Un accident à la centrale du Bugey, située sur la rive droite du Rhône contaminerait également les nappes phréatiques alimentant le Grand Lyon. La pollution filerait jusqu’à la méditerranée, transportée par le Rhône.
Impossible, par contre, de savoir comment s’organiserait l’évacuation et l’exode massif dans la région la plus nucléarisée d’Europe. Le plan Orsec en vigueur dans cette situation est classé « secret défense ». La préfecture ne communique pas à ce sujet.
Après les évènements successifs d’avril 2011 au Japon et face à la pression du groupe écologiste, Gérard Collomb avait demandé par un courrier adressé au préfet de Région Jean-François Carenco, le 23 mai dernier, d’associer le Grand Lyon à la politique de prévention puisque l’agglomération est concernée par les zones de confinement définies en cas d’accident.
Cinq mois après, comme le révèle l’hebdomadaire lyonnais les Potins d’Angèle, la demande est restée sans réponse.

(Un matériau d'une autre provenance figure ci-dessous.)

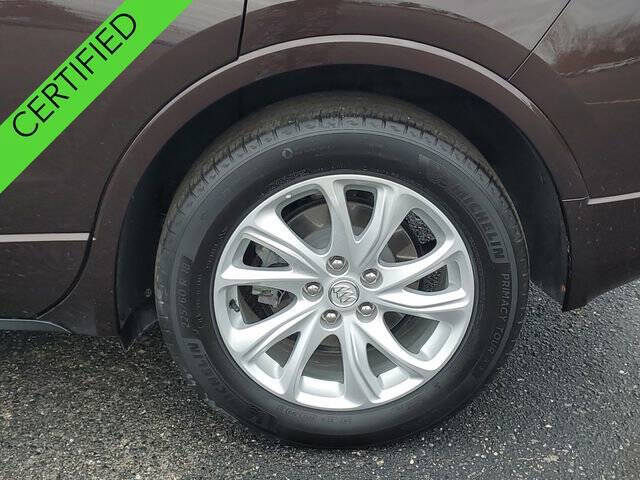 2020 Buick Envision Preferred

Un dossier trop technique semblerait-il pour être partagé avec les collectivités territoriales.
Même argument opposé aux organisateurs du rassemblement de Lyon. Une délégation de trois personnes a été reçue dans le milieu d’après-midi à la préfecture alors qu’une chaîne humaine se formait autour du Rhône entre le pont Lafayette et celui de la Guillotière, clin d’œil nostalgique à celle du 11 mars dernier entre Lyon et Avignon, la plus grande jamais organisée en France. Près de 60 000 personnes s’étaient relayées pour réclamer la sortie du nucléaire.